“Education makes a greater difference between man and man,
than nature has made between man and brute.” John Adams
“By nature all men are alike, but by education wildly different.” Chinese Proverb
In the Harbourview Room of the Vancouver Trade and Convention Centre, my eyes roam photographs taken in China’s smallest province, Ning Xia. Beside me at the display board is an immaculately dressed Chinese man with little more height than my own five-foot-two. I am correct in my guess that he was born in China rather than Hong Kong. He points to a picture.
“I too, went to school in such a place.” He nods as if to say, “Can you believe that?”
I return his nod. “So did I,” I reply. “Only the coal was in buckets instead of piled in the corner.” His gaze questions me. “It’s true,” I assure him.
“How is this so?” He is genuinely puzzled.

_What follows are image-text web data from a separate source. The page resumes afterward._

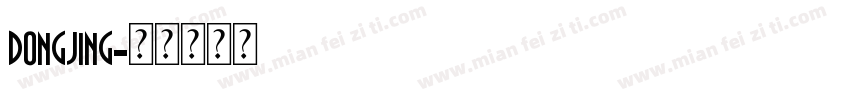 dongjing字体转换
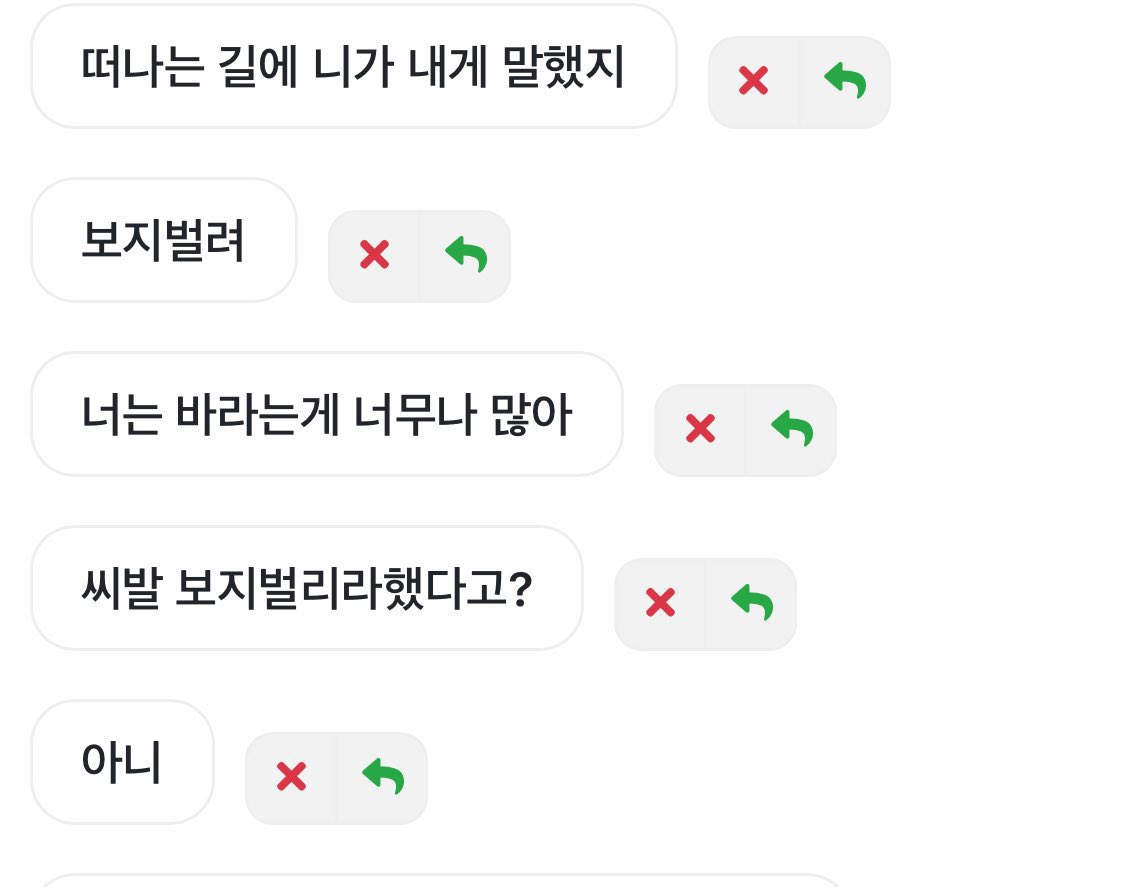 보지아카이브 (@boziarchive) on Twitter photo 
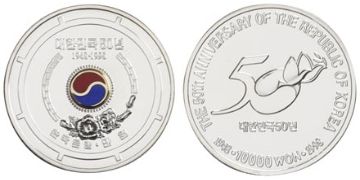 10000 Won 1998
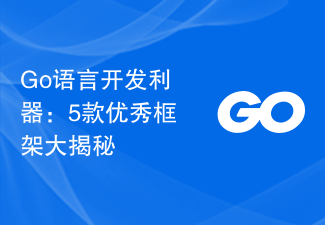 Go語言開發利器：5款優秀框架大揭秘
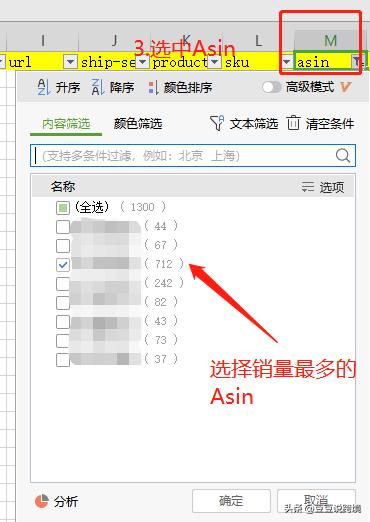 数据分析年份怎么选择,如何用数据分析解决问题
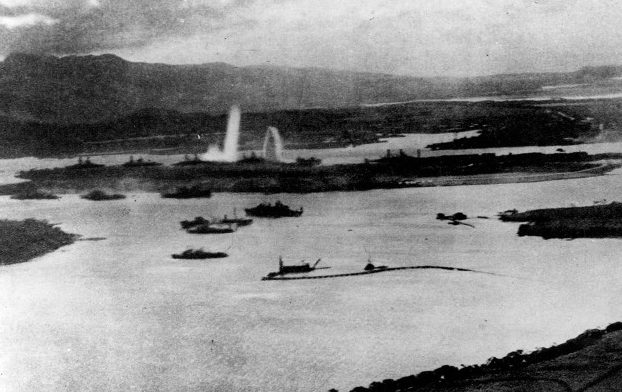Атака на Перл-Харбор. 7 декабря 1941 г.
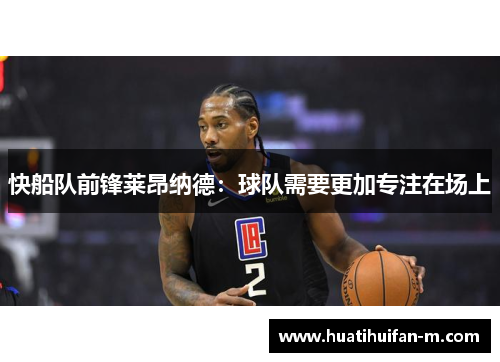 快船队前锋莱昂纳德：球队需要更加专注在场上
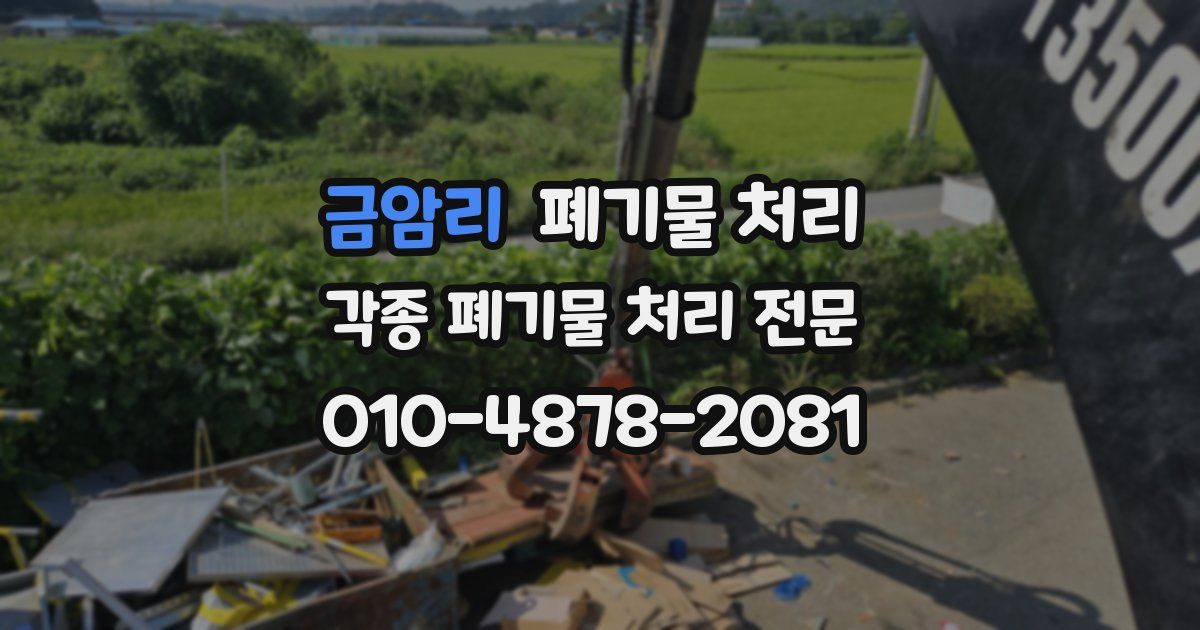 금암리 폐기물 수거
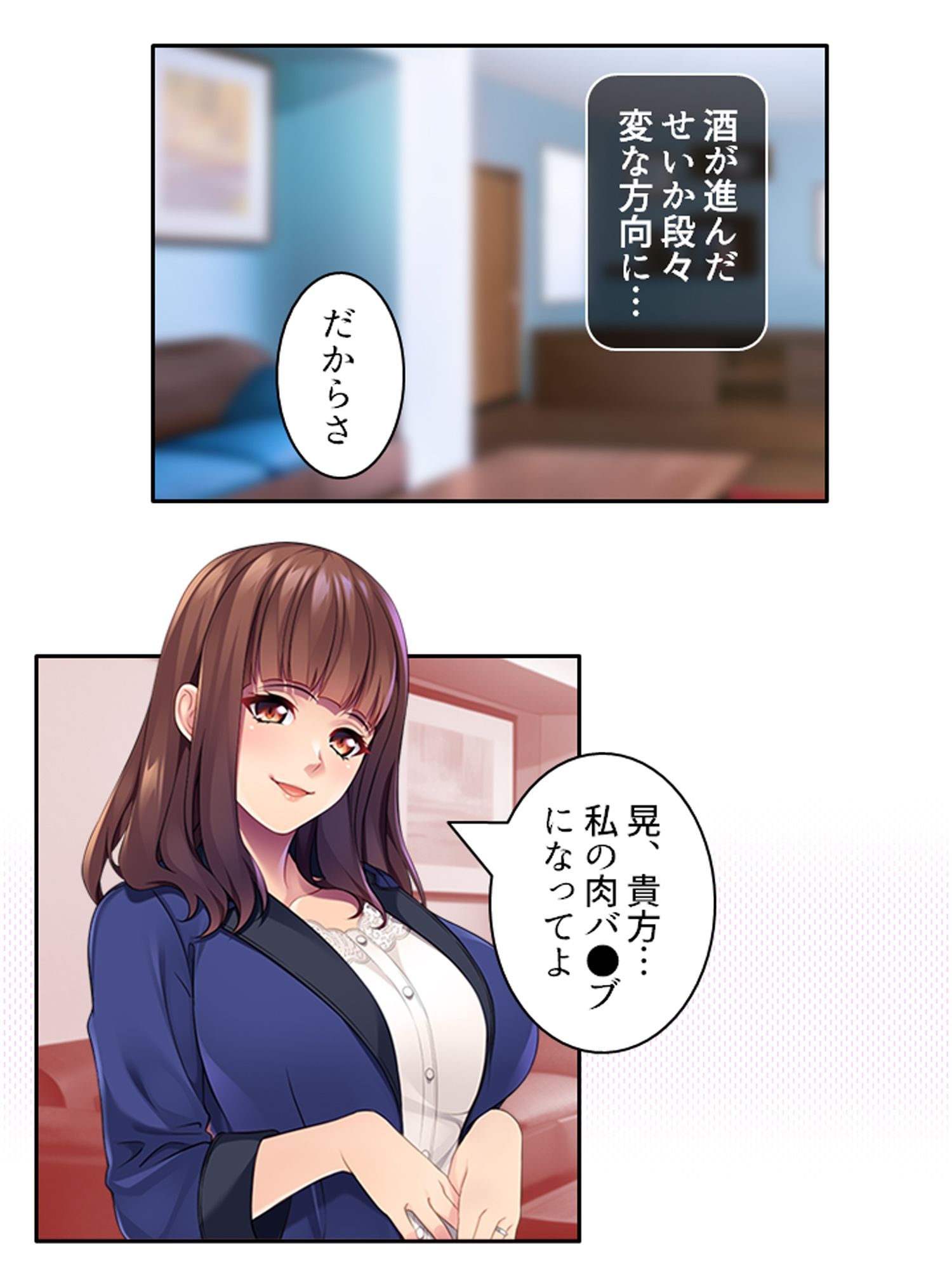 【元カノ逆雇用】無職の俺、社長になった元カノに種付け係として囲われる総集編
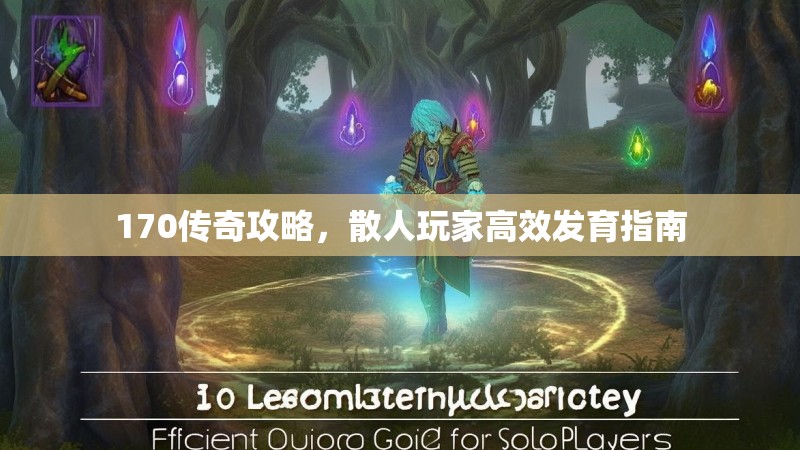 170传奇攻略,散人玩家高效发育指南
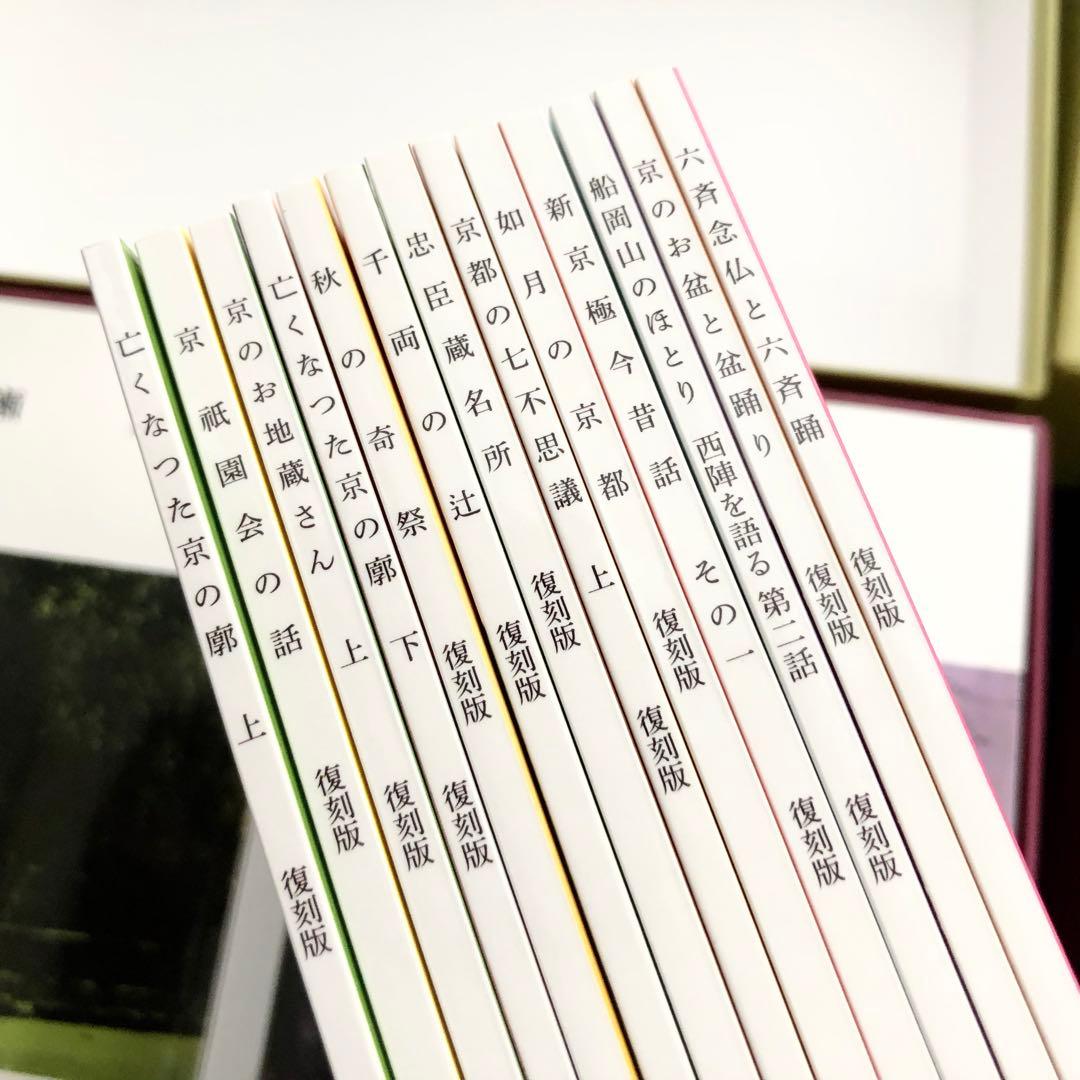 田中緑紅「緑紅叢書 全53冊 / 別冊1」2018年〜2019年 復刻版 三人社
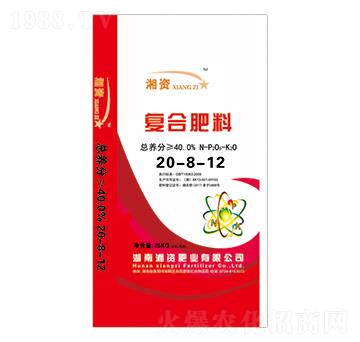 �ͺϷ���20-8-12-���Y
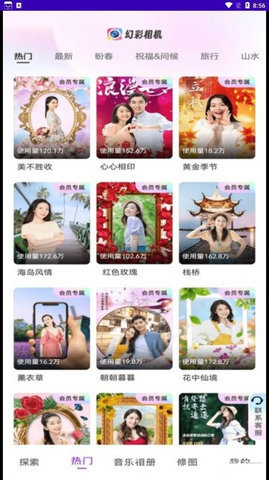 幻彩相机 1.0.0 安卓版 3
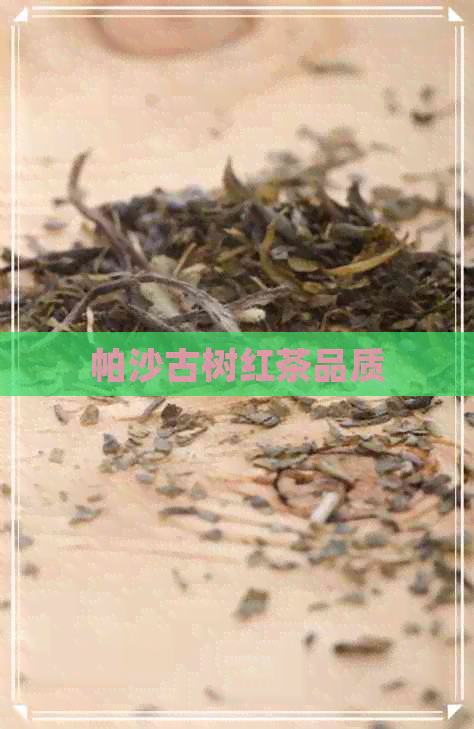 帕沙古树红茶品质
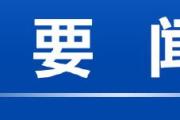 全力搜救失聯(lián)人員 加強(qiáng)各類隱患排查
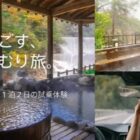 ボルボ1泊2日試乗モニター＋ホテルステイ / 6時間試乗モニター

We are about the same age, late-fifties. I tell him about the decrepit cottages that served generations of school children until the late forties in the coal mining city of my birth on the Canadian prairie. But the similarities in our backgrounds stem from quite different reasons. I went to school in “such a place”, because the plan to construct a new school had been halted by the outbreak of WWII. He had gone to school “in such a place”, because he was born into the poverty of China, as were the children mirrored in the photographs displayed before us.
Together, he and I plumb the pictures for their stories, and while doing so we discover another childhood similarity. While my parents had teased me with the story of being able to dig through the earth to China, his parents had bedeviled him with a tale of the people on the other side of the world who must walk on their hands so as to not fall from the earth.
“Once, I borrowed my dad’s spade to dig to China,” I tell him. “But it was bigger than I was, so I talked my mother out of a serving spoon. ‘I’m going to China, I told them.'”
“Ah, a very big job for a little girl. Yes?”
“Yes indeed. Impossible. But now you. Here you are. For a long time now in the land where you must walk on your hands. Can you?” I tease him.
The background chatter in Mandarin and English swells: a stream of people are arriving to attend this dinner where funds will be raised in support of the Soong Ching Ling Children’s Foundation of Canada. Our continued exploration of the photo boards reveals a heartening story.
It is not a world war that has threatened the school construction project in China’s northern province of Ning Xia. It is drought conditions, the worst in 60 years. But in the face of hardship so severe that it makes even the purchase of water a construction expense, triumph prevails. As winter approaches, project completion is near, and the education and welfare of these children who face so hostile an environment has been advanced through the joint funding and efforts of people on opposite sides of the earth.
Lovingly, the Chinese gentleman’s slender fingers trace a photo. Rows of little children are bundled in winter clothing to combat the frigid temperature in their classroom. The cold does not discourage broad smiles for the camera.
“Children are so precious, aren’t they?” I say.
“Precious.” I enunciate the word clearly for him. “It means valuable. Very valuable. Like gold, silver, diamonds. And children are of much greater value than precious metals or gems. Do you agree?”
“Oh yes. Precious. They are very precious. Precious. That is a good word. Thank you for teaching it to me.”
“How do you say it in Mandarin?” I ask.
“I think….,” He ponders. “I think maybe gui…maybe baogui.”
I take a stab at it. “B…ao, bao…gui?” I mess it up. “W-e-l-l, that’s a nice word too…when you say it.” We laugh.
Following one another along, we examine more photographs of the areas served by the school projects. Thankfully, we see where cramped and dingy cave homes have been evacuated for roomier homes of mud and brick construction. Their luxuries include windows, improved sleeping accommodation, and better cooking facilities. The before-and-after pictures of the school projects give me a sense of
money wisely invested. What better investment can there be, than one made in the education of a child? And what better a thank you, than the expressions of gratitude that we read in the translations of letters from the youngsters and their teachers.
“This is good.” I say, tapping a photo of a new school. “Look at the difference.”
“Yes!” His dark eyes twinkle. “Just look what we people who must walk on our hands can do, when we dig to China.”